Смотрю на Дениса с Пашкой: надо бы их растолкать, потрепаться с ними минут десять, пускай проснутся. Но нет, время сна слишком драгоценно, чтобы тратить его на болтовню. Да черт с ними, в конце-то концов! Все равно в случае чего их первыми зарежут, может, хоть крикнуть успеют…
Промозглое туманное утро встречает нас тишиной. Выходим из дома, мочимся, слушаем, что творится в природе. В природе ничего не творится, на улице мирно, будто и не штурм вовсе. Сад, яблони, туман, тишина… У меня на даче, если в конце августа проснуться пораньше, когда деревья еще не отошли от ночного холода и лужи покрыты хрустящим ледком, можно застать такую вот стылую тишину, и пахнет так же – прелыми листьями, утром и осенью.
Пользуясь случайной передышкой, решаем помыться. Моемся по очереди – двое кипятят воду, двое фыркают на улице над тазиками, поставленными на табуретки, двое стоят рядом с автоматами. Торопимся: сегодня наверняка опять пойдем вперед, а время восьмой час уже.
Так и есть, позавтракать не успеваем, приходит приказ приготовиться к выдвижению. Ротный требует вызвать командиров взводов к нам на КП. Вызываю Лихача и «Пионера». С третьим взводом связи нет. Ротный посылает меня туда, узнать, в чем дело.
КП третьего взвода находится справа от нас, в особняке через две улицы. Сую в разгрузку пяток гранат, шесть магазинов, пачек десять патронов и запасной аккумулятор на случай, если у парней села рация. Попрыгав, подтягиваю ремень, поправляю разгрузку, подергиваю плечами. Ничего, удобно.
До первой улицы иду садами, автомат держу наготове, мало ли какая бородатая дрянь с вечера засела в подвалах и караулит одинокого бойца вроде меня. Перелезаю поленницу дров за сараем и спрыгиваю в соседний двор. Там чисто, ухоженно, каменный пол посыпан песком. Под навесом стоит «девятка» цвета мокрого асфальта, с виду новая, только стекла выбиты. Подхожу к машине. Внутри полный раздрай, ни завести, ни поживиться чем-нибудь. Но дом хороший, не разграбленный вроде, надо будет на обратном пути провести зачистку на предмет одеял, носков, перчаток и всякой прочей теплой мелочи, скрашивающей суровый солдатский быт.
Выглядываю из ворот.

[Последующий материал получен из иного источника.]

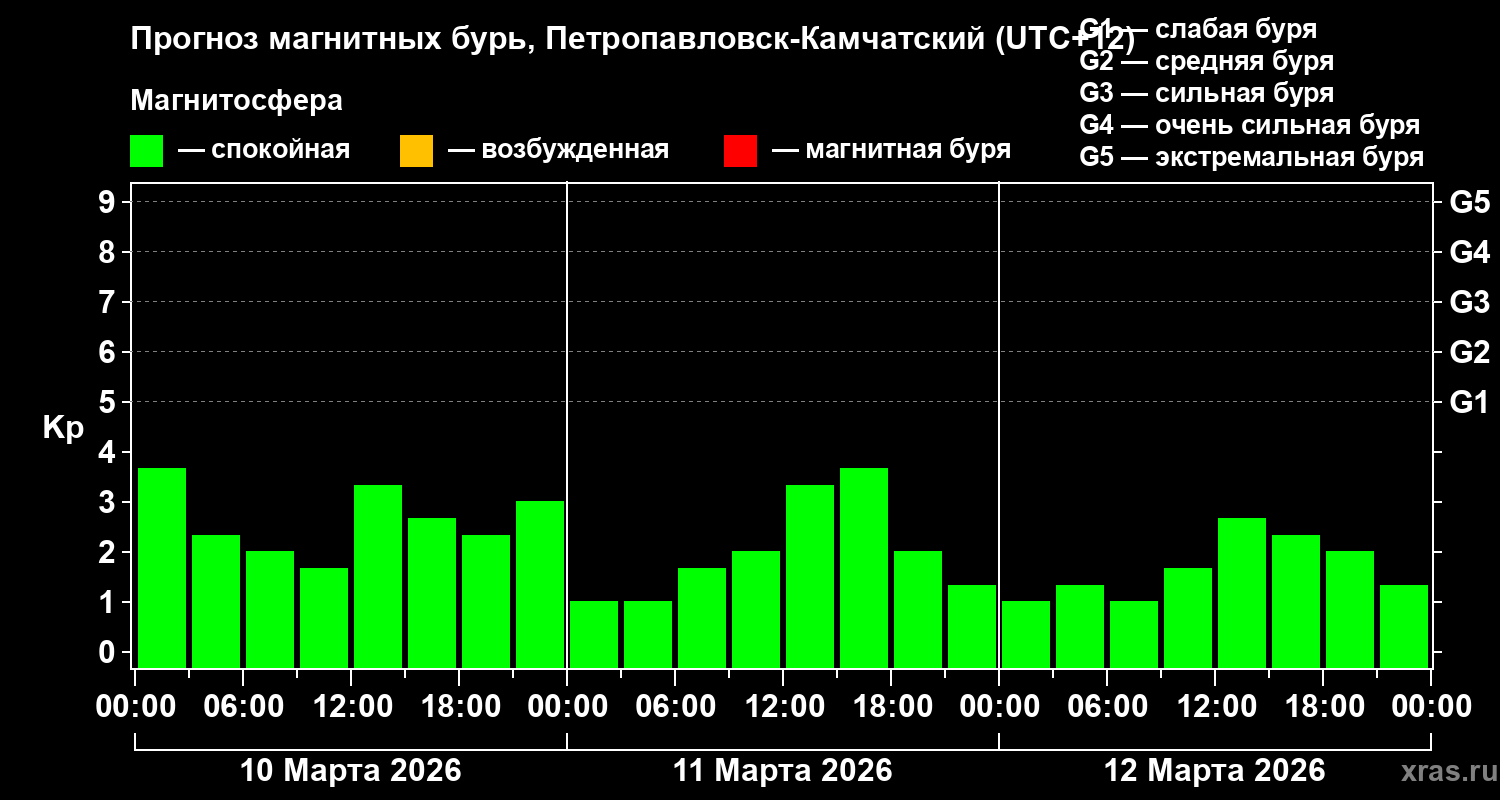 Прогноз геомагнитного индекса&nbsp;Kp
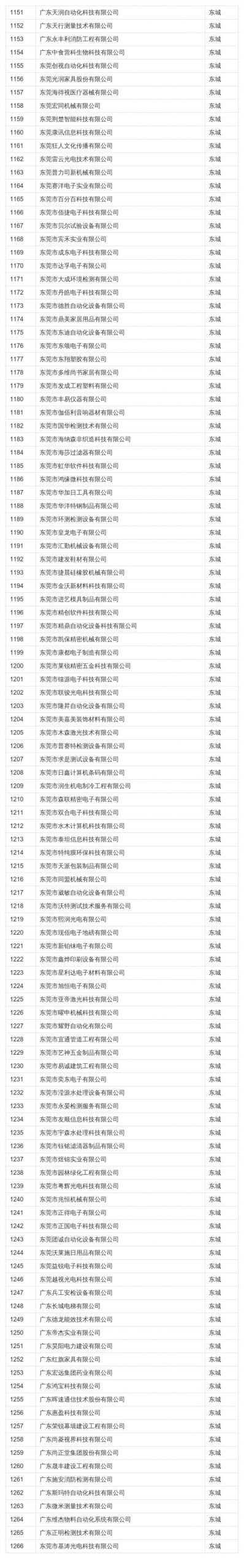 在东莞这些公司上班最高补贴4万！看看有你公司吗？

Я настороже: помощи в случае чего мне ждать неоткуда. Одним глазом смотрю на улицу, а другим ухом слушаю, что происходит в глубине двора. И там и там тихо. Надо перебежать улицу, но не могу заставить себя выйти из двора. После сегодняшнего утреннего мира сделать это оказывается намного страшнее, чем вчера, когда мы весь день провели под осколками. За это утро без войны я успел отвыкнуть от постоянной готовности к гибели, расслабился, и снова нырять с головой в холодную смерть мне ужас как не хочется.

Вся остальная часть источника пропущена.